Ходили мы с моим отцом по-прежнему в церковь, но какой-то иной отпечаток клало на все окружающее, вытягивающиеся в струнку, козыряющие городовые, в соборе полицейский, расчищающий дорогу; почетное место, совсем спереди, перед алтарем.
Младшие сестры теперь тоже учились, но еще мало. Ведь старшей из них, Наташе, было всего одиннадцать лет, а маленькой, Аре, пять.
Недолго прожили мы в милой Гродне, с которой только начали свыкаться. Не пробыв и десяти месяцев губернатором этой губернии, уже в марте 1903 года мой отец был назначен саратовским губернатором.
За этот короткий срок успели в Петербурге оценить способности молодого губернатора и решили дать ему более ответственный пост, поручая управлять Саратовской губернией, большей по размерам, не подчиненной генерал-губернатору и населенной разными народностями, являющими собою поразительные контрасты.
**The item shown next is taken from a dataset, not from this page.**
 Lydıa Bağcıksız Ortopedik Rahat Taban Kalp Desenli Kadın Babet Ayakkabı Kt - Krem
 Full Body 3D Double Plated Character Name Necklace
В ее степях жили полудикие, близкие по своему образу жизни к кочевникам, киргизы, рядом с кочевниками вы попадали в Сарепту, немецкую колонию, с аккуратными беленькими домиками, электричеством, водопроводами и богатую вообще всем, что давала культура тридцать лет тому назад.
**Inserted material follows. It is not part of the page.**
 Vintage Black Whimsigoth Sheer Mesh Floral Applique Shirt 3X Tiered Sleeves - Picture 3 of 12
Климат в этой губернии тоже разный. Зимой, пять, шесть месяцев, Саратов покрыт снегом, не нашим ковенским, рыхлым, через день тающим, а белой снежной пеленой, снегом, сияющим на солнце и хрустящим при двадцатиградусном морозе.
В политическом отношении Саратов сильно отличался от северо-западных губерний. Существование земства клало на всю общественную жизнь совсем иной отпечаток.
Перспектива управлять такой губернией очень привлекала папа, а то, что его деятельность в Гродне была оценена, сильно его ободряло.
Что было очень приятно при отъезде, это сознание, что на лето снова вернемся в родные края, в Колноберже. Родовые столыпинские земли находились как раз в Саратовской губернии, дворянами которой мы и являлись. Свое имение мой отец продал года за два до назначения в Саратов, чтобы никогда больше не ездить в эту даль.
Было известно, что Саратовская и Пензенская губернии самые передовые во всей России, и ко времени назначения моего отца настроение в Саратове было с явно левым уклоном. Когда возникали там беспорядки – губернские власти всегда покидали город и все переходило в руки младшего административного аппарата.
Выехали мы из Гродны – и, должна сознаться, с грустью, – все вместе. Папа доехал с нами до Москвы и поехал дальше в Саратов, мы же с мама остались до переезда в Колноберже в Москве, у бабушки Марии Александровны Нейдгарт.